Welcome to the vault of the museum where, for the first time, everyone is welcome.
These little surprising moments, in which the visitor receives a backstage pass to what normally is hidden from view in the Bloomfield Hills art museum, is part of Cranbrook’s $22-million renovation of its Collections Wing.
Along with a top-down overhaul that restored the museum’s original 1942 coffered ceiling lighting system and included state-ofthe-art climate control, planners wanted to give the average visitor more access to all the things that museums normally keep tucked away when they aren’t on display.
It was an instance of seizing an opportunity to create a public space that arose out of a dire need to implement proper storage conditions. When the building originally opened, it didn’t feature “a single closet for storing a piece of art,” the museum director told us.

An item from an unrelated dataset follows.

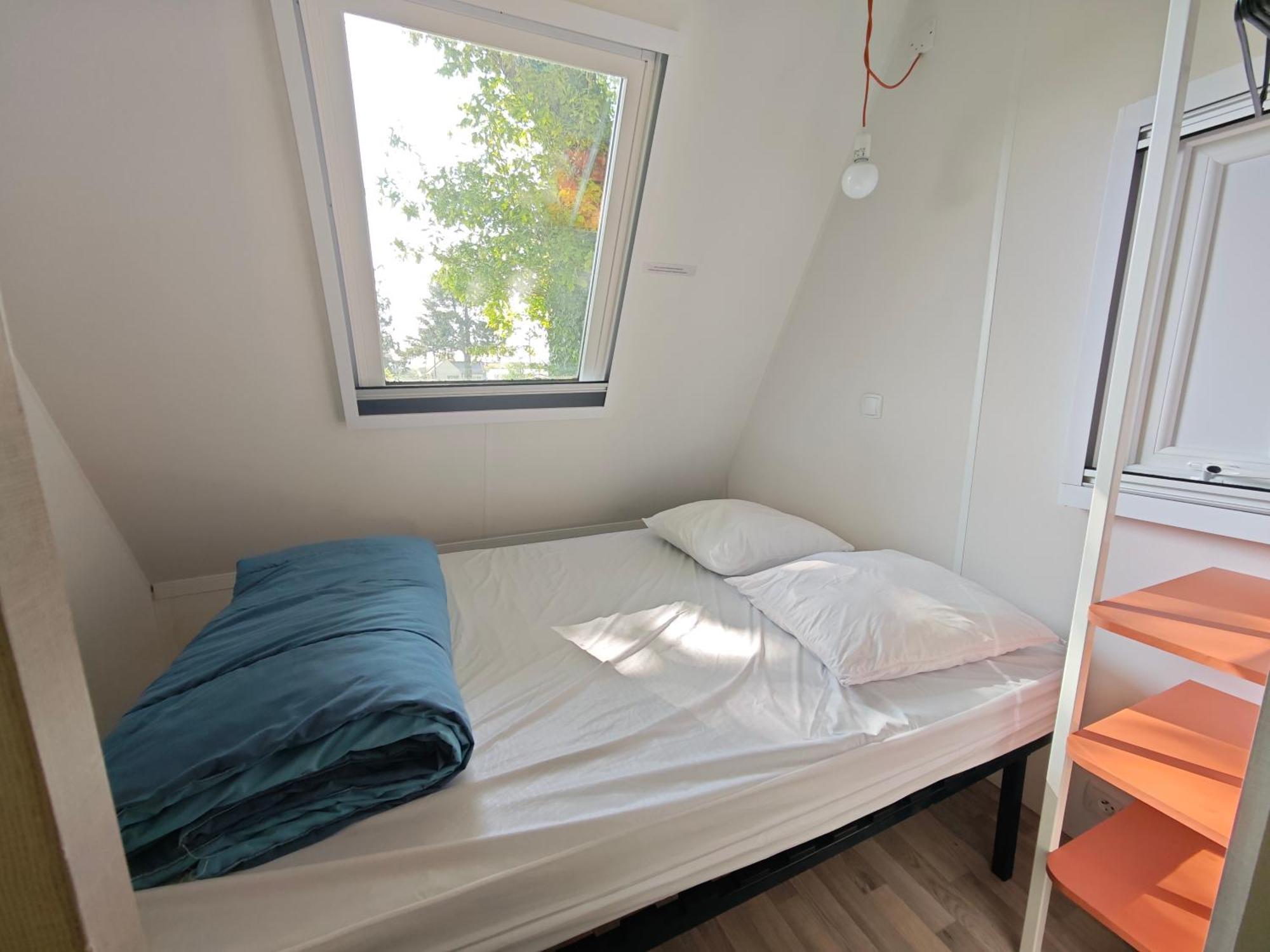 Camping Le Val Aux Fees - Broceliande Concoret Rum bild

Campus lore holds that Cranbrook founder George Booth would simply store artwork in his house when it wasn’t on display in the art museum.
Wittkopp hopes that the renovation has not only remedied the storage issue, but has also achieved his intention to “institutionalize the ‘wow factor.’” Forget the era of digital touchscreens and the latest flavor of museum pageantry — Wittkopp says that the experience of being in a beautiful space where the “attractions” speak for themselves will create a special memory that resonates with even the youngest patrons. He remembers the excitement of being in grade school and visiting a museum for the first time, and he wants to capitalize on that.
“We wondered, ‘can we create this space that just captures the imagination of people?’” he added.
On tour, we are traveling on an elevator large enough to house a car. The doors open to reveal even more treasures.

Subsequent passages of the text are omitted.